(Captioned web image data)

----

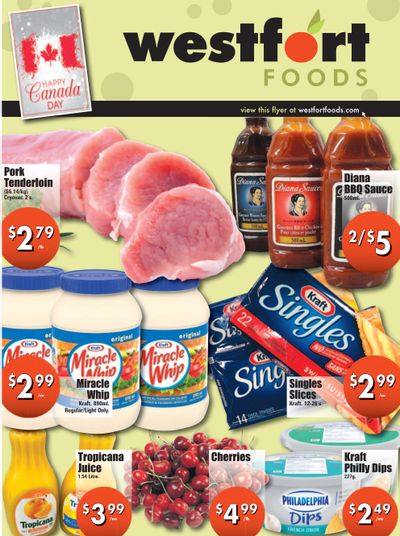 Westfort Foods Flyer June 30 to July 6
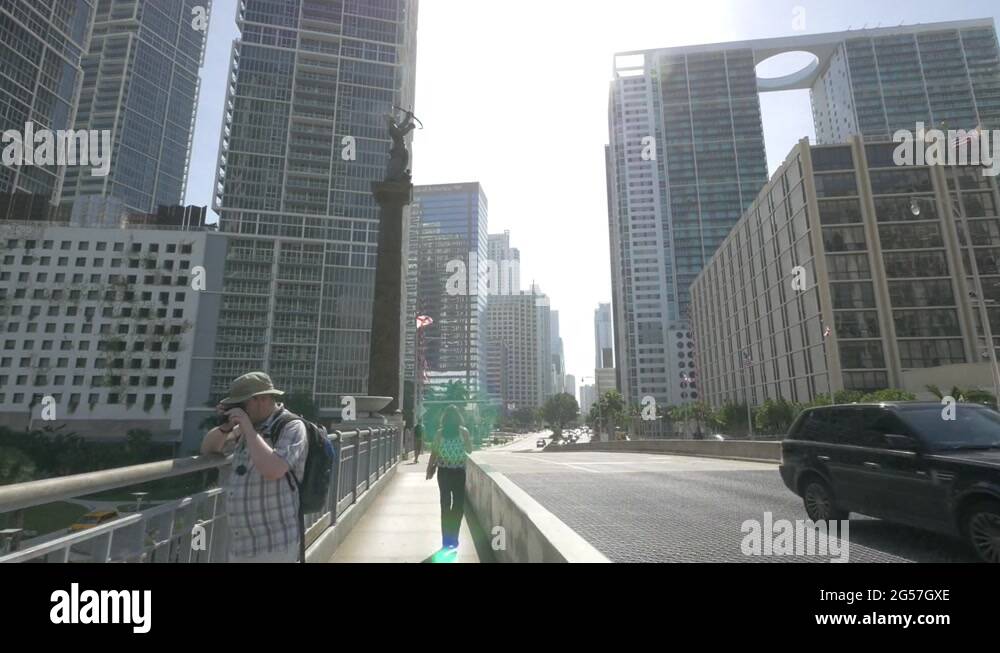 Brickell avenue and brickell bridge Stock Videos & Footage HD and 4K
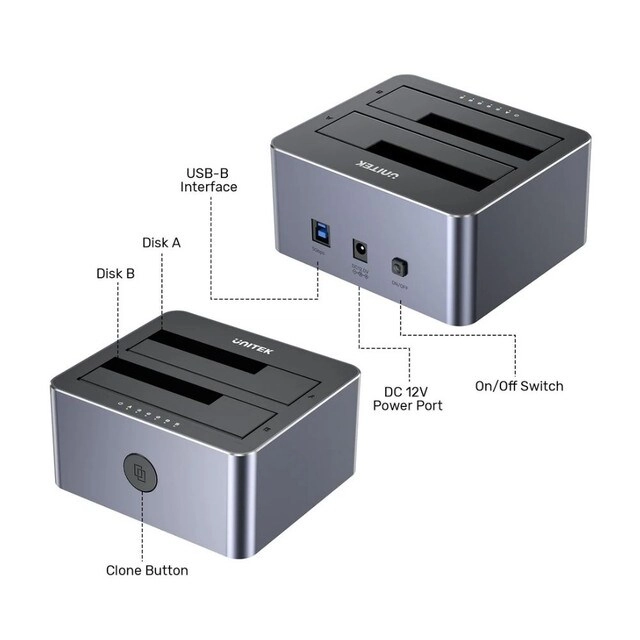 Dual-Bay SATA Hard Drive Docking Station - 2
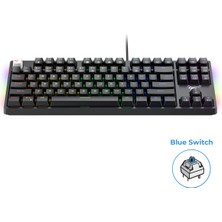 Havit Gamenote KB890L Rgb Mekanik Klavye - Anti Ghosting Blue Switch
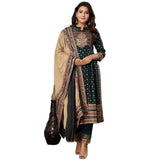 Women Kurta Palazzo Dupatta Wedding Salwar Kameez Beautiful Kurti Pent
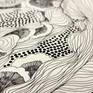 Close-up details of 'Focused Organic World 1'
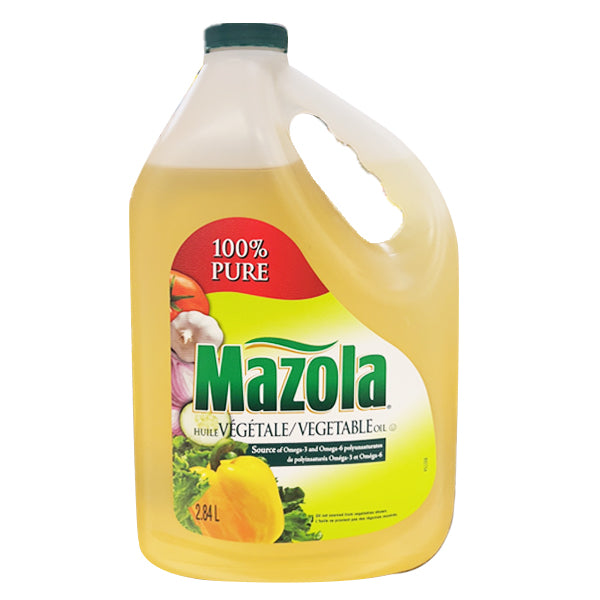 Mazola 100% Pure Vegetable Oil 2.84L
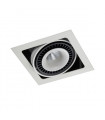 Technical and modern recessed ceiling light Alesso Matt white, black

----

[Assigned task]: What you return should be only the exact lines from the top of the entries through the line with "Women Kurta Palazzo", minus the pictures.

[Written answer]:
 Westfort Foods Flyer June 30 to July 6
 Brickell avenue and brickell bridge Stock Videos & Footage HD and 4K
 Dual-Bay SATA Hard Drive Docking Station - 2
 Havit Gamenote KB890L Rgb Mekanik Klavye - Anti Ghosting Blue Switch
 Women Kurta Palazzo Dupatta Wedding Salwar Kameez Beautiful Kurti Pent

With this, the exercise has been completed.